REMLINGEN-SEMMENSTEDT (dpa-AFX) – Face aux voix de plus en plus préoccupées par le délabrement du site de stockage de déchets nucléaires d’Asse en Basse-Saxe, l’autorité de sûreté nucléaire appelle à une action plus rapide pour la reconstruction. “Les mesures de récupération et de préparation aux situations d’urgence doivent maintenant être accélérées”, a déclaré le président de l’Office fédéral pour la sécurité de la gestion des déchets nucléaires (BASE), Christian Kühn, à l’agence de presse allemande. Les informations selon lesquelles l’eau salée qui s’infiltre depuis longtemps emprunte désormais des voies nouvelles et inconnues ont récemment suscité de plus en plus d’inquiétudes parmi les hommes politiques et les experts.
“Je suis inquiet. La catastrophe nucléaire d’Asse est en train d’écrire un nouveau chapitre”, a déclaré en mai le ministre de l’Environnement de Basse-Saxe, Christian Meyer (Verts). Peu auparavant, la directrice de la société d’exploitation (BGE), Iris Graffunder, avait déclaré dans une interview au journal : “Il n’est pas tout à fait possible de planifier l’évolution de la montagne. Nous sommes alarmés par ce changement majeur dans l’accès à l’eau”, a-t-elle déclaré. a déclaré au “Braunschweiger Zeitung” . Le chef de l’autorité de surveillance, Kühn, a souligné que la situation actuelle n’est pas une raison pour être alarmiste.
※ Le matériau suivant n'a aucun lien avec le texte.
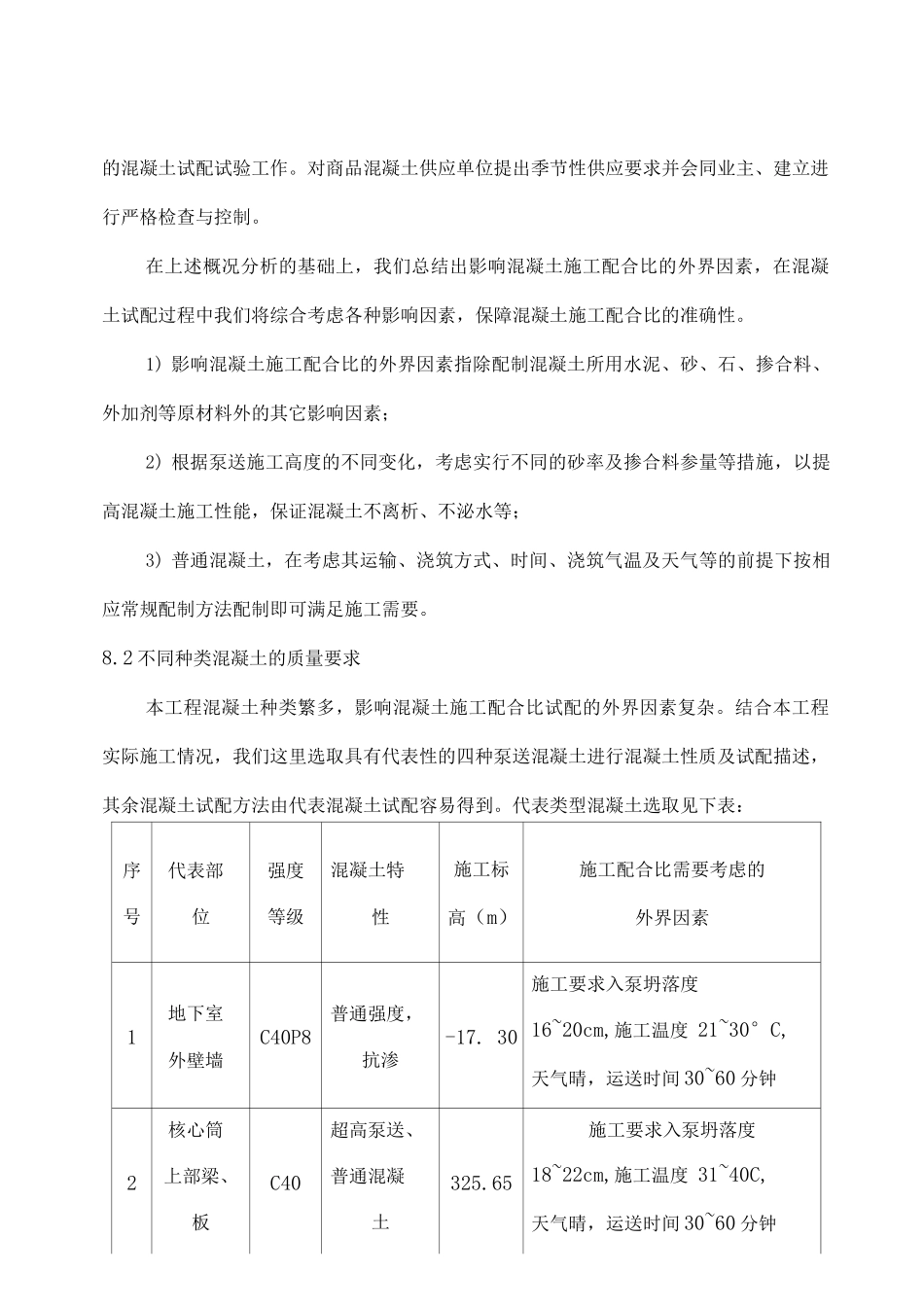 商品混凝土质量控制_第3页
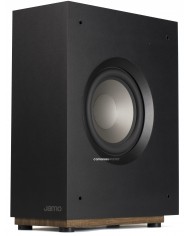 Jamo S 808 SUB BLACK Jamo S 808 SUB BLACK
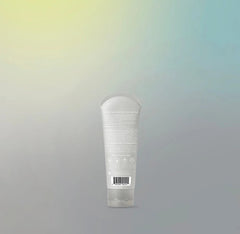 shave cream - sea +surf, 3.4 fl oz
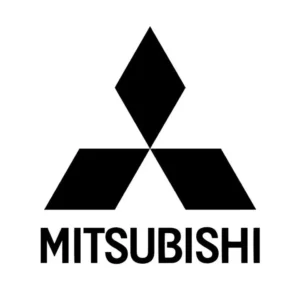 logo-mitsubishi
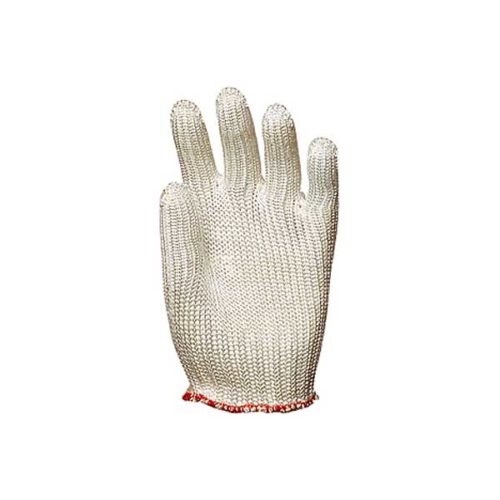 Abverkauf-Handschuhe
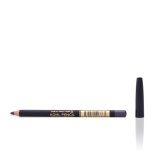 Eyeliner Kohl Pencil Max Factor #11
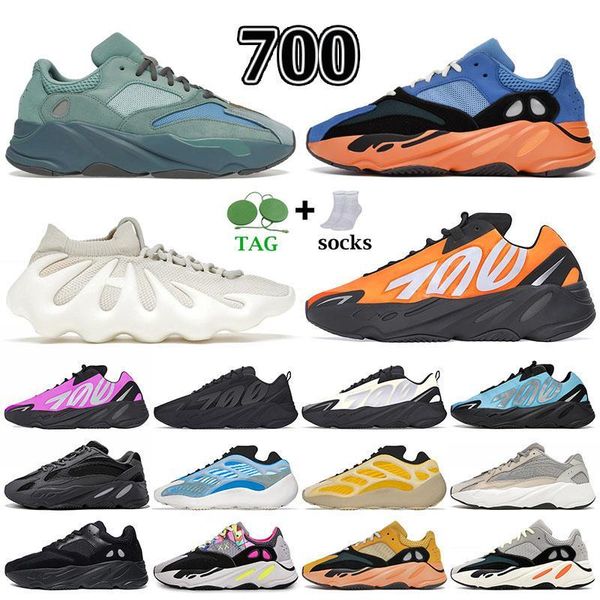 2022 new 700s boot men women running shoes v2 v3 static vanta azael alvah reflective sport sneaker 450s triple black white mens desi pvp
2022 new 700s boot men women running shoes v2 v3 static vanta azael alvah reflective sport sneaker 450s triple black white mens desi pvp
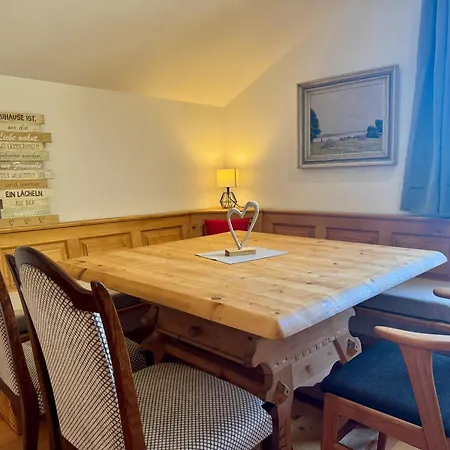 Villa Gipfelruhe-Ganzes Ferienhaus Mit Sauna, Garten & Spielzimmer- Ramsau Am Dachstein *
Il y a un échange régulier entre les acteurs, car la situation dans l’Asse doit être soigneusement examinée, observée et évaluée, a déclaré Kühn. Mais le président de BASE est également clair : “L’Asse est un site de déchets nucléaires qui n’aurait jamais dû être utilisé comme installation de stockage définitif.”
La mine contient environ 126 000 barils de déchets radioactifs de faible et moyenne activité répartis dans 13 chambres. L’eau s’infiltrant, l’installation est considérée comme vétuste et doit être évacuée. La Société fédérale de stockage final, basée à Peine, est responsable du mandat légal de fermeture immédiate de l’installation. Leurs experts ont récemment signalé que la quantité d’eau au point de collecte principal diminuait et qu’il n’était pas clair où se trouvait l’eau restante.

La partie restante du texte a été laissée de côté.